Among the records below, find the line with "Sweetcrispy Queen Size" and the line with "Black Blue Butterfly". Set down both and every line between, exactly and with no pictures, but nothing else.

═══ INPUT DATA ═══

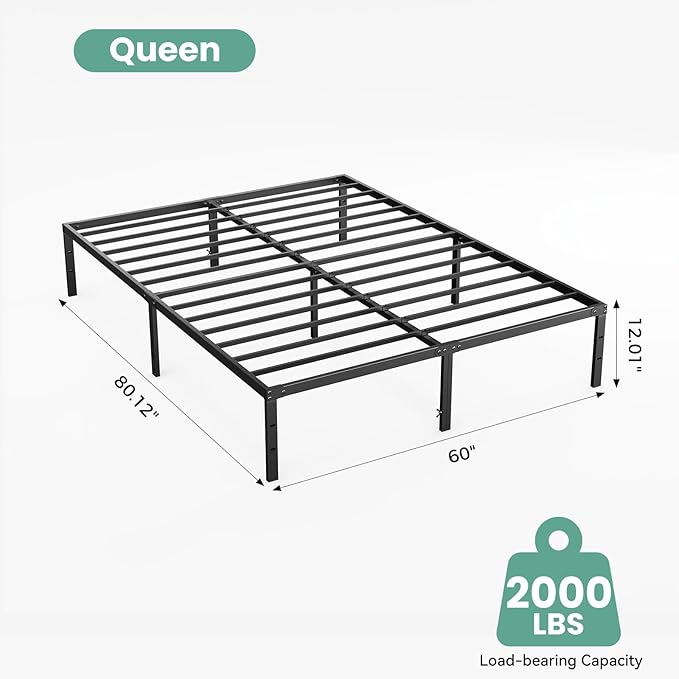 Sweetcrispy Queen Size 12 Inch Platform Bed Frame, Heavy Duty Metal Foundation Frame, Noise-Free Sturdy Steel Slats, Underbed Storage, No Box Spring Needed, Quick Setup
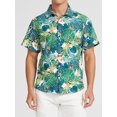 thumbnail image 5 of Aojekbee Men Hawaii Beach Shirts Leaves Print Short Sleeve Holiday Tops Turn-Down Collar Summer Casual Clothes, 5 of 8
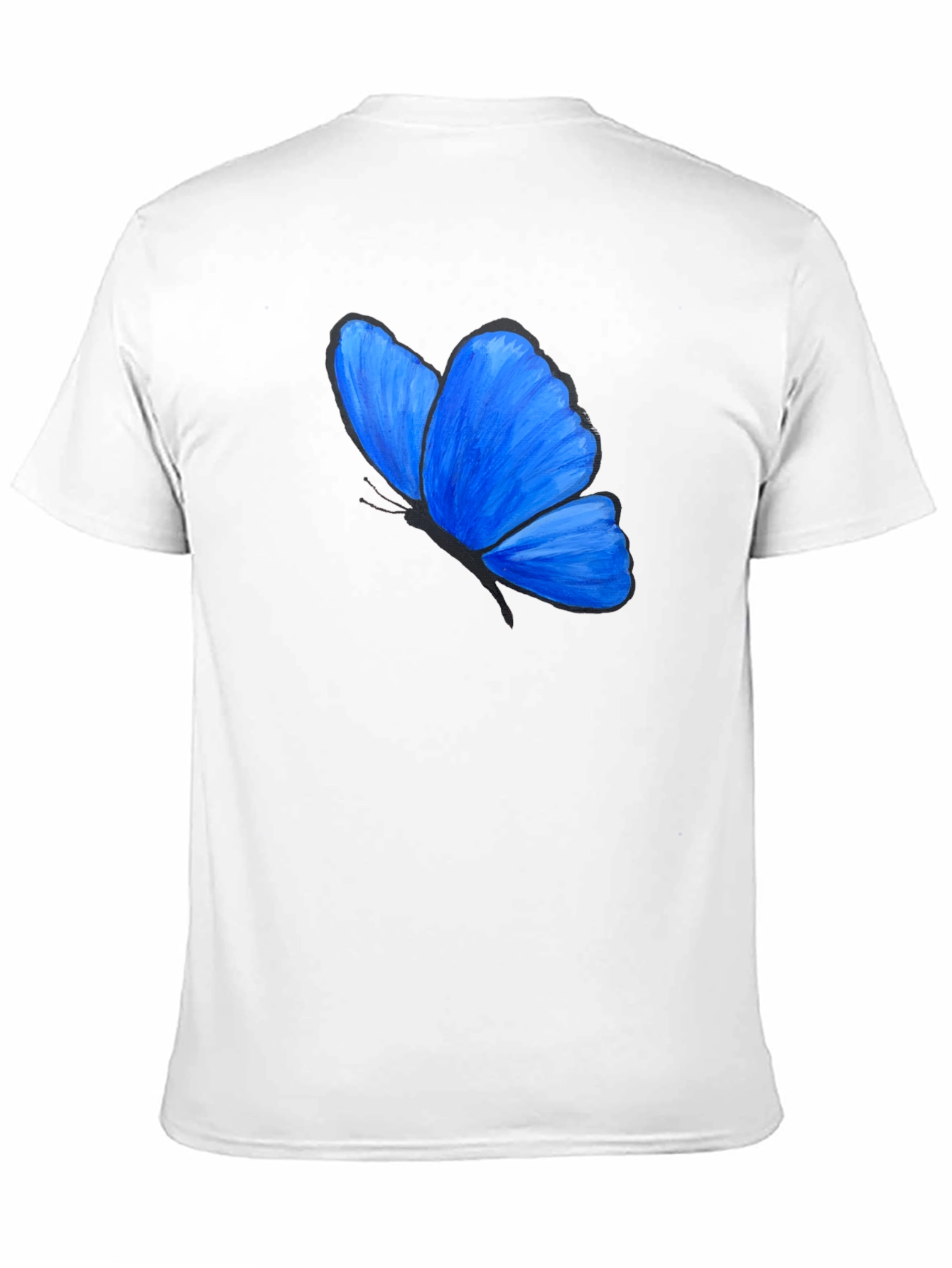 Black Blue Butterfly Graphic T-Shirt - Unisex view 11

═══
═══ INPUT DATA ═══

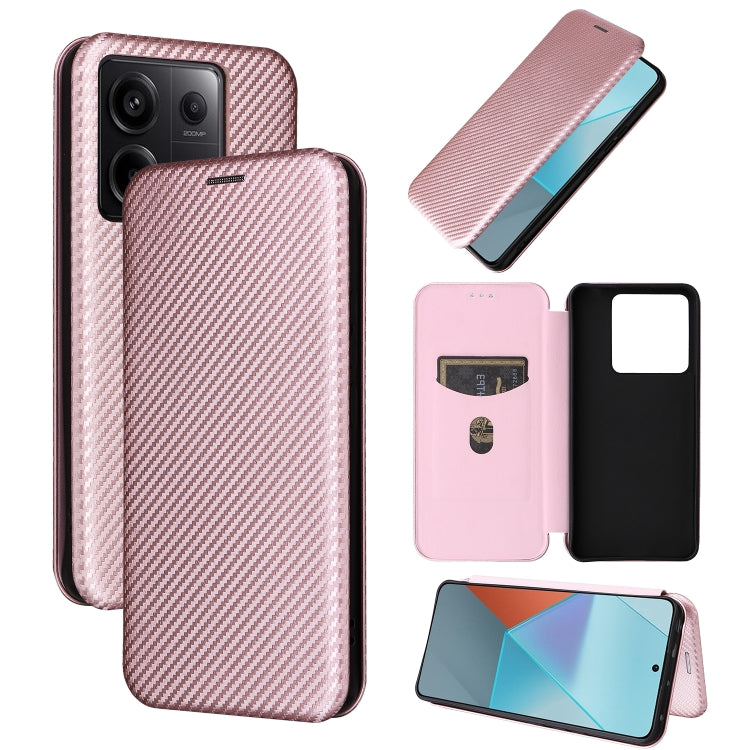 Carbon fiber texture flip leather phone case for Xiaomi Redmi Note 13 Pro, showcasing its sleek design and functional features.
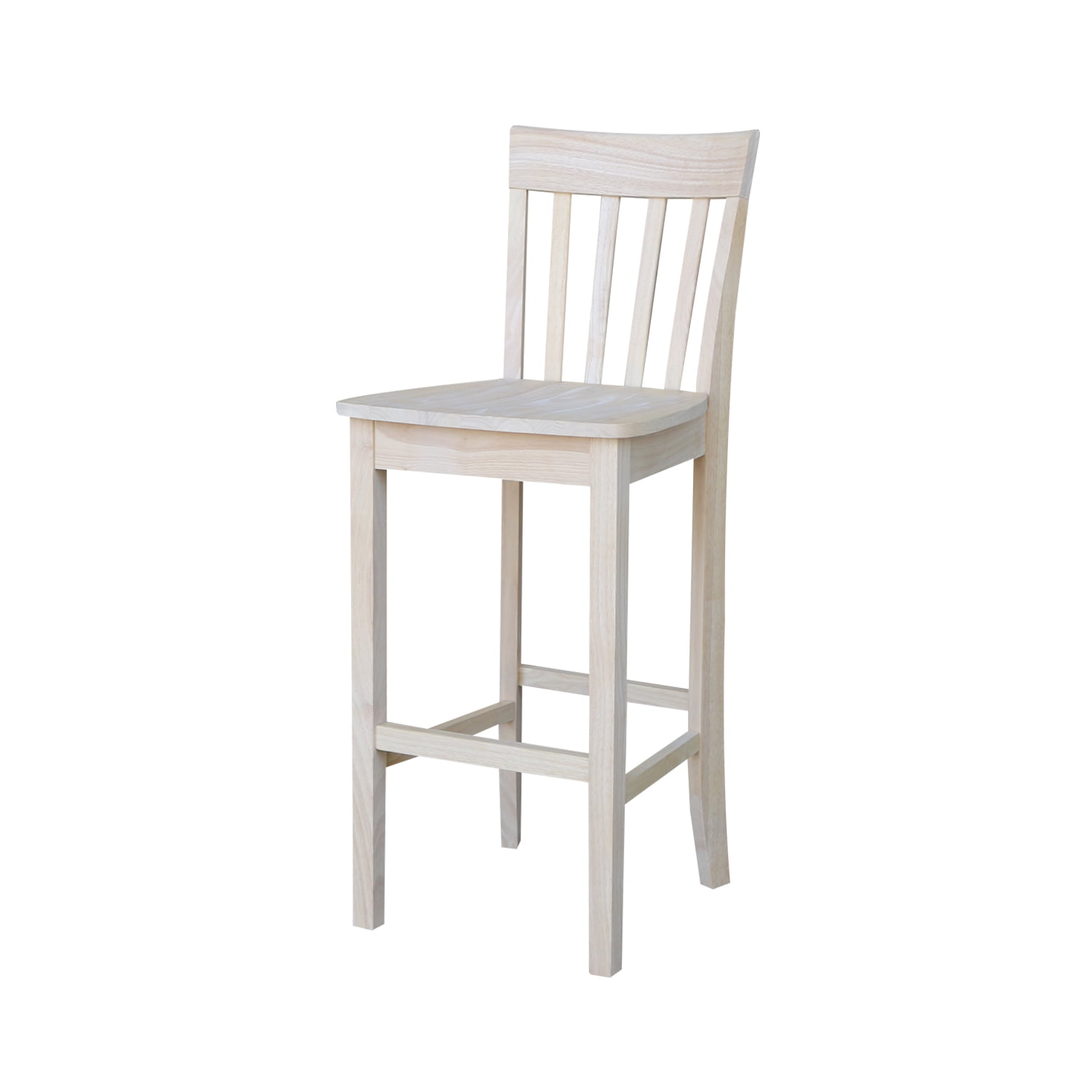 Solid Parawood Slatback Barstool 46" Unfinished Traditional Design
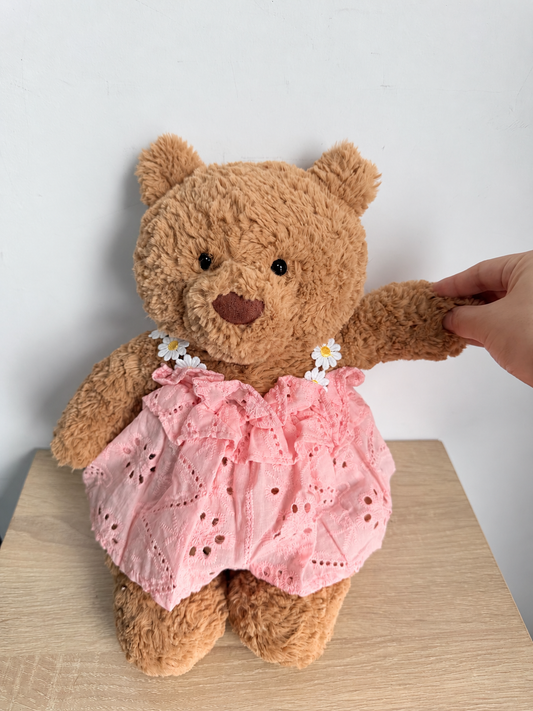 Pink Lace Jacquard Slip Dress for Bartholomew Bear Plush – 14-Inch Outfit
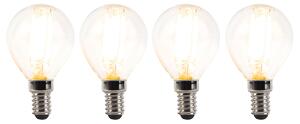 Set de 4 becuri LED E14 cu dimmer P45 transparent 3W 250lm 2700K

═══

◆ COMPLETED TASK:
 Sweetcrispy Queen Size 12 Inch Platform Bed Frame, Heavy Duty Metal Foundation Frame, Noise-Free Sturdy Steel Slats, Underbed Storage, No Box Spring Needed, Quick Setup
 thumbnail image 5 of Aojekbee Men Hawaii Beach Shirts Leaves Print Short Sleeve Holiday Tops Turn-Down Collar Summer Casual Clothes, 5 of 8
 Black Blue Butterfly Graphic T-Shirt - Unisex view 11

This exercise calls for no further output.